=== Given records ===
+---+

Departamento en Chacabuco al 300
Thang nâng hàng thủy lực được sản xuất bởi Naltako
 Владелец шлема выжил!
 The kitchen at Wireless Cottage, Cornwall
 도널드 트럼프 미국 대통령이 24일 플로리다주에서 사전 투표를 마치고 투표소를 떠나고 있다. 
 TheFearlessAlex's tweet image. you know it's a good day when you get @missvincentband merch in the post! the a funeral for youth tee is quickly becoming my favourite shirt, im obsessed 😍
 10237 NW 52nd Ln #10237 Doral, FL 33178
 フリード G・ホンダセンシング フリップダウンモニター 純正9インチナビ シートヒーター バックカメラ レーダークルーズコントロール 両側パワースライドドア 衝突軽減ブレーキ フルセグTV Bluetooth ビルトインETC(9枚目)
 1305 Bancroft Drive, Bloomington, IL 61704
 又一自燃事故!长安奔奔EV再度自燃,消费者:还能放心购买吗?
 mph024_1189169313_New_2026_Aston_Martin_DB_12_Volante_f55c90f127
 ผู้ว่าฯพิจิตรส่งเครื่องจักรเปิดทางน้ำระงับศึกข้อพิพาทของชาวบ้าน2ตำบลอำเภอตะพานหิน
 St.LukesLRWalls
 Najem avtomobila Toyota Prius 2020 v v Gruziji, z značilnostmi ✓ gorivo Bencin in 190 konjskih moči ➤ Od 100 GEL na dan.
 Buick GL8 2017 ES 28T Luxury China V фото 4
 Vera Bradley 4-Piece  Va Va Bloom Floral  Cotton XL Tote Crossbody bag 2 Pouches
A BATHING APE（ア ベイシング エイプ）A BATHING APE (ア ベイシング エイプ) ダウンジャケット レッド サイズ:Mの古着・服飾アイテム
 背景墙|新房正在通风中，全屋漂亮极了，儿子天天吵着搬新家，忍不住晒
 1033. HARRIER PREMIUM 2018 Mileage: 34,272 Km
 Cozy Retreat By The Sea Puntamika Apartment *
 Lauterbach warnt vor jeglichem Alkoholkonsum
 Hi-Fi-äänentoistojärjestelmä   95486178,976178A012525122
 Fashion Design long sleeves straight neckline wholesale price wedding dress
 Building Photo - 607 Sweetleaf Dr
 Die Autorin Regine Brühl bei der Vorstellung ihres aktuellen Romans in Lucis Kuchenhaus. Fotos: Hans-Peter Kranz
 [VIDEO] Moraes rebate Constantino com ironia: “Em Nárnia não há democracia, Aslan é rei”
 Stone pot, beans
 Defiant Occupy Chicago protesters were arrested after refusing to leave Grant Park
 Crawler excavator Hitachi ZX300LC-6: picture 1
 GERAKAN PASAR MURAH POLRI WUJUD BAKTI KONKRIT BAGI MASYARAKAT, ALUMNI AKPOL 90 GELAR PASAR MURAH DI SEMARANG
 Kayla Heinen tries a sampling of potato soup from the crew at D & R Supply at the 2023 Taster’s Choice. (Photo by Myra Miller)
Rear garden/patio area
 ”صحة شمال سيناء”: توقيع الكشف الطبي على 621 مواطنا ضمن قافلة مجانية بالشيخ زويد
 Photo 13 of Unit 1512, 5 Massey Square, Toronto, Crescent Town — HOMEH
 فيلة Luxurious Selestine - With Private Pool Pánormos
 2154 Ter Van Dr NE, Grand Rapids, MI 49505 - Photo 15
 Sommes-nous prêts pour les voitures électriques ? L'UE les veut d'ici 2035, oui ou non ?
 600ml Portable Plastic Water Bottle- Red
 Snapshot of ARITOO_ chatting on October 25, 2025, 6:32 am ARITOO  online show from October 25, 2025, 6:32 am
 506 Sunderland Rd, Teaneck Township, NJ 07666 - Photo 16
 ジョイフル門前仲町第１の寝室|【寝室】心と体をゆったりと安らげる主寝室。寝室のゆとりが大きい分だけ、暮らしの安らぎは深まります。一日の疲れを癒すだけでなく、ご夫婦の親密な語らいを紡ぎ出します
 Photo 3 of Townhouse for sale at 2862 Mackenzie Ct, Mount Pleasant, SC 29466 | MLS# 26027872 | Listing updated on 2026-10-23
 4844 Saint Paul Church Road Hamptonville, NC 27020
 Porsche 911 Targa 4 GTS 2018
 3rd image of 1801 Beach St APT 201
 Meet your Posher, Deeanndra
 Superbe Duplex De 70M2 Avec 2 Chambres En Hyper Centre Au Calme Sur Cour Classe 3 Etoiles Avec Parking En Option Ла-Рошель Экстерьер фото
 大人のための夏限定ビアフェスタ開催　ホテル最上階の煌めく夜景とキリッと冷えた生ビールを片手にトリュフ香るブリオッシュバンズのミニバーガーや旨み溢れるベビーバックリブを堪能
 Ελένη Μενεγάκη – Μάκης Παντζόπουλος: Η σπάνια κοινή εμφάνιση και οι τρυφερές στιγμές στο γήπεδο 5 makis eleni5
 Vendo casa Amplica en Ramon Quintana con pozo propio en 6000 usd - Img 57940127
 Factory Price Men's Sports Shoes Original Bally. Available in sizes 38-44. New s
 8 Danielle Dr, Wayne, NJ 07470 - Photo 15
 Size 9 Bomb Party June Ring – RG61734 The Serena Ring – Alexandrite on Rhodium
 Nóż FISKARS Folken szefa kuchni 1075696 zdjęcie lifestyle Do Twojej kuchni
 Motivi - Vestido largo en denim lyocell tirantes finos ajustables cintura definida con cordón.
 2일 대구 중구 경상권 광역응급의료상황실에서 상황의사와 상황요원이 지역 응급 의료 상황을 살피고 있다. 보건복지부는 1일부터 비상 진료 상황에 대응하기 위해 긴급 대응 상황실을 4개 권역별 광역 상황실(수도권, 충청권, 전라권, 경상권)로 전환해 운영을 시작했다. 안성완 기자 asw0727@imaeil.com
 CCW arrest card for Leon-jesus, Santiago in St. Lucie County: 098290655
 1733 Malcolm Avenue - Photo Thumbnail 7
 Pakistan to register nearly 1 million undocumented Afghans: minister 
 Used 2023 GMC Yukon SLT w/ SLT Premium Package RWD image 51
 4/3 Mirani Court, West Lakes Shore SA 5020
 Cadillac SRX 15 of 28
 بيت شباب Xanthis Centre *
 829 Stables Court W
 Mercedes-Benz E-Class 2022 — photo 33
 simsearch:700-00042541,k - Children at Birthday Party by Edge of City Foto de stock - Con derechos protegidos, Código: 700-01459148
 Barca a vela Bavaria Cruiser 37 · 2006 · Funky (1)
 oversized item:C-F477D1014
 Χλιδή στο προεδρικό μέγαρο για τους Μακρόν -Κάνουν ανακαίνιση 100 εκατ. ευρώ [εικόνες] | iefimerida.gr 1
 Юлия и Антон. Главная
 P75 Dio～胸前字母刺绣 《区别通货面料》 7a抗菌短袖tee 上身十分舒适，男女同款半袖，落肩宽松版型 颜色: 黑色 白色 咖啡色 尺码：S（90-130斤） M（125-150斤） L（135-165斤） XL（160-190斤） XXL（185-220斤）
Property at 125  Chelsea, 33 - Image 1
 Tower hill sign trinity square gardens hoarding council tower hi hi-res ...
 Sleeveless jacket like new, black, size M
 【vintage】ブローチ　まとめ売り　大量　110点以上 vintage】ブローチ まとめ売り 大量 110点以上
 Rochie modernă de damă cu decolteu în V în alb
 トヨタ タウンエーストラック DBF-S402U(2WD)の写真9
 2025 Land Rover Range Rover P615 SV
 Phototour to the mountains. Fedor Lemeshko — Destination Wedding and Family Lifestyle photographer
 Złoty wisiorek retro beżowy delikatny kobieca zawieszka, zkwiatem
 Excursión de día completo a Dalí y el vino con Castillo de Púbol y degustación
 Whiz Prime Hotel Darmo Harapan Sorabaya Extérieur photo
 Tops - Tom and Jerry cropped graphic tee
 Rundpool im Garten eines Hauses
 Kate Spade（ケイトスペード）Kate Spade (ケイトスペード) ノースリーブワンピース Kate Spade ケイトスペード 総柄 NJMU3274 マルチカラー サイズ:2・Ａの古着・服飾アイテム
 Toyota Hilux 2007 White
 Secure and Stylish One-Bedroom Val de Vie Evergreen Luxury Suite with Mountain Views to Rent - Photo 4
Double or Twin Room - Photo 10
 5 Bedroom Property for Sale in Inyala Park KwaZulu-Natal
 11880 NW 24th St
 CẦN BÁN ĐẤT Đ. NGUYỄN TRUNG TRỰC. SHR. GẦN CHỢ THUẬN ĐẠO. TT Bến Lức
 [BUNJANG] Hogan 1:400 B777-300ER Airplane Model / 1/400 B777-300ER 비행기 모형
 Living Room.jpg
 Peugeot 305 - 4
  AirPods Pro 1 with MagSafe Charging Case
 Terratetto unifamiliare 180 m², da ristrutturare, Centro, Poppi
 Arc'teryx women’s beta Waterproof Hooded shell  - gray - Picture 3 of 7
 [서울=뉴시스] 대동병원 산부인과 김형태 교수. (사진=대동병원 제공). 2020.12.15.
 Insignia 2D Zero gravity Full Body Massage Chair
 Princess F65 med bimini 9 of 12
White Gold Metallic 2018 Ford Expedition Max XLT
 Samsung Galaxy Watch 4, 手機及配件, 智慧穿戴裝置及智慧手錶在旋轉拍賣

+---+

Beginning with the line holding "Defiant Occupy Chicago" and ending with the line holding "2154 Ter Van", write out the stretch of material above exactly; add no further lines.

 Defiant Occupy Chicago protesters were arrested after refusing to leave Grant Park
 Crawler excavator Hitachi ZX300LC-6: picture 1
 GERAKAN PASAR MURAH POLRI WUJUD BAKTI KONKRIT BAGI MASYARAKAT, ALUMNI AKPOL 90 GELAR PASAR MURAH DI SEMARANG
 Kayla Heinen tries a sampling of potato soup from the crew at D & R Supply at the 2023 Taster’s Choice. (Photo by Myra Miller)
Rear garden/patio area
 ”صحة شمال سيناء”: توقيع الكشف الطبي على 621 مواطنا ضمن قافلة مجانية بالشيخ زويد
 Photo 13 of Unit 1512, 5 Massey Square, Toronto, Crescent Town — HOMEH
 فيلة Luxurious Selestine - With Private Pool Pánormos
 2154 Ter Van Dr NE, Grand Rapids, MI 49505 - Photo 15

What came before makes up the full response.